League Challenges North Carolina Regulators and Calls for Hearings

Today in letters mailed to state officials the Blue Ridge Environmental Defense League challenged North Carolina’s environmental and utilities regulators to consider major permit violations at a poultry litter incinerator in Minnesota before allowing similar projects to proceed. The plant’s operator, Fibrowatt LLC, wants to build three more incinerators in North Carolina to burn poultry waste. A settlement agreement between Fibrowatt and the state of Minnesota was released to the League December 17.

A review of the 31-page settlement agreement found numerous reporting deadlines that were missed, in many cases for several months. More alarming to the League were the stack violations. Fibrominn exceeded limits of particulate matter (soot), nitrogen oxide (NOx), sulfur dioxide (SO2), and carbon monoxide (CO).

The League and its chapters where the plants would be built had vigorously urged Minnesota officials to release information about the violations after learning of them last year. The Minnesota Attorney General’s office refused to make any details public until after a settlement agreement was signed. Negotiations with Fibrowatt went on for fourteen months. The plant, Fibrominn, continues to operate.

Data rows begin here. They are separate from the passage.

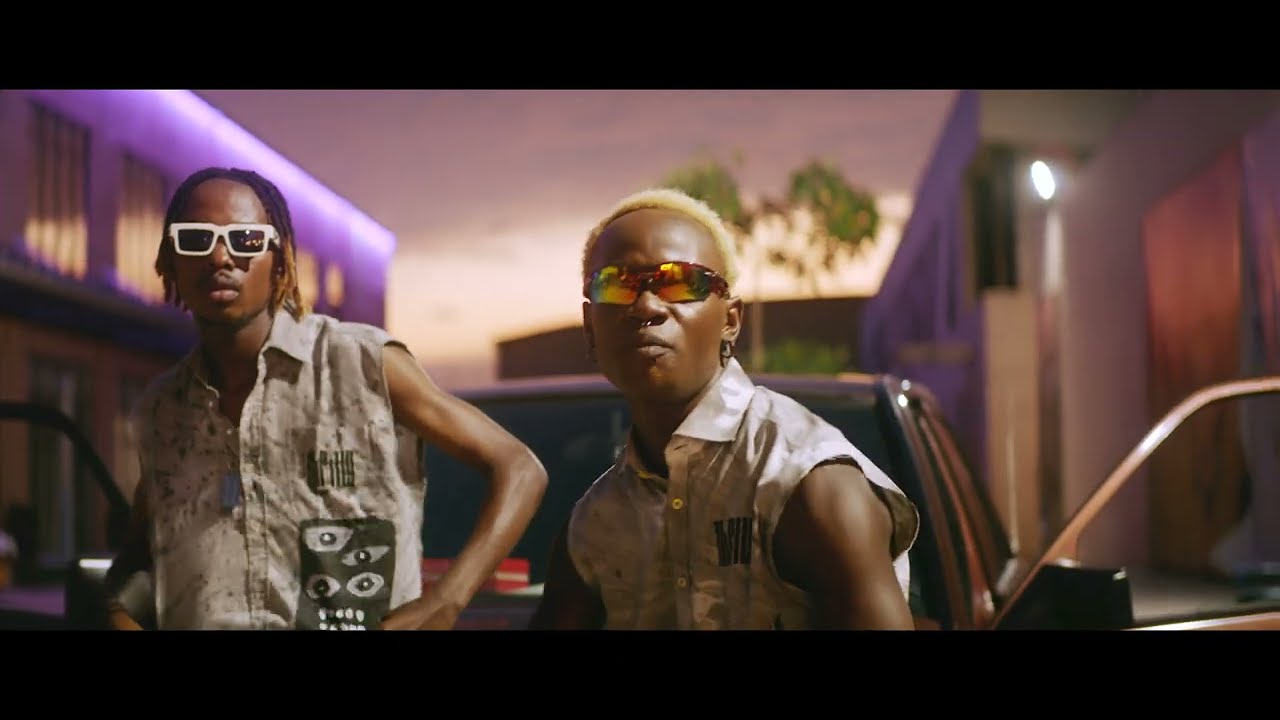 PATERNE MAESTRO X MC BABA GOD BLESSED  (Clip officiel)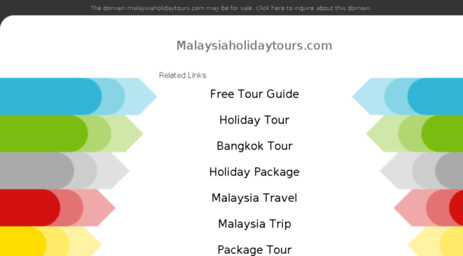 malaysiaholidaytours.com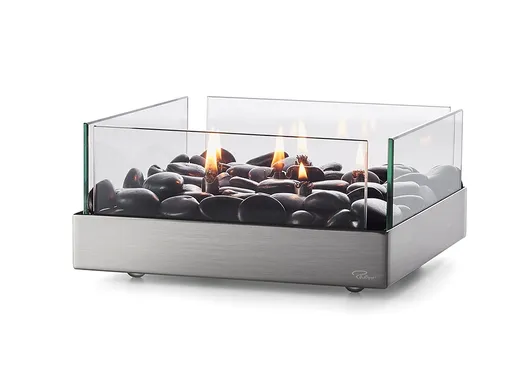 Stolní krb Fireplace, čtvercový - Philippi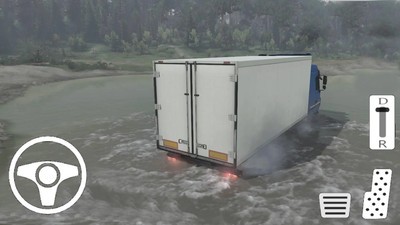 欧洲卡车运输模拟器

“The list of violations in this settlement reveals a pattern of contempt for the rules and an inability to meet even the most basic environmental standards,” said David Mickey, the League’s Zero Waste and Safe Energy Coordinator. “We would hope that no company in North Carolina that misses permit deadlines for months, violates its emissions limits and even fails to monitor the plant’s emissions could still continue to operate,” he added.

The violations included:

• Late emissions testing for hydrogen chloride, PM10, and mercury;
• Missing reports for performance testing, monitoring downtime, testing plans, deviations, and compliance certifications;
• Excess emissions for total particulate matter, nitrogen oxide, sulfur dioxide, and carbon monoxide.

The final settlement imposed a $65,000 fine on the company plus a requirement to spend at least $80,000 to install additional monitoring equipment. Following more emissions modeling and emissions testing, major amendments to the air quality permit will be implemented in 2010 in an effort to better regulate the Fibrominn plant.

Sam Tesh, who chairs the Citizens’ Alliance for a Clean, Healthy Economy (CACHE) in Surry County expressed his concerns about Fibrowatt. "The Surry County Commissioners had a report from Fibrominn about the violations as early as September of 2009. When questioned by concerned citizens about the report, they said they had read it and there was nothing to worry about--it was simply a matter of paperwork not being done on time. The settlement shows that there was more than late paperwork involved,” he said.

In Duplin County, Citizens for a Safe Environment Co-Chair Deborah Kornegay reacted to the settlement with an appeal to county commissioners and state legislators. "I visited the Fibrominn plant in 2008, and I'm very concerned about the health and environmental impact of such a plant on North Carolina, especially now that the list of violations in Minnesota has been released. It's time for Sampson, Surry, and Montgomery County Commissioners, as well as state legislators, to listen intently to the legitimate concerns of their constituencies," she said. Citizens for a Safe Environment members live close to the proposed site of a Fibrowatt incinerator near the Sampson/Duplin county line.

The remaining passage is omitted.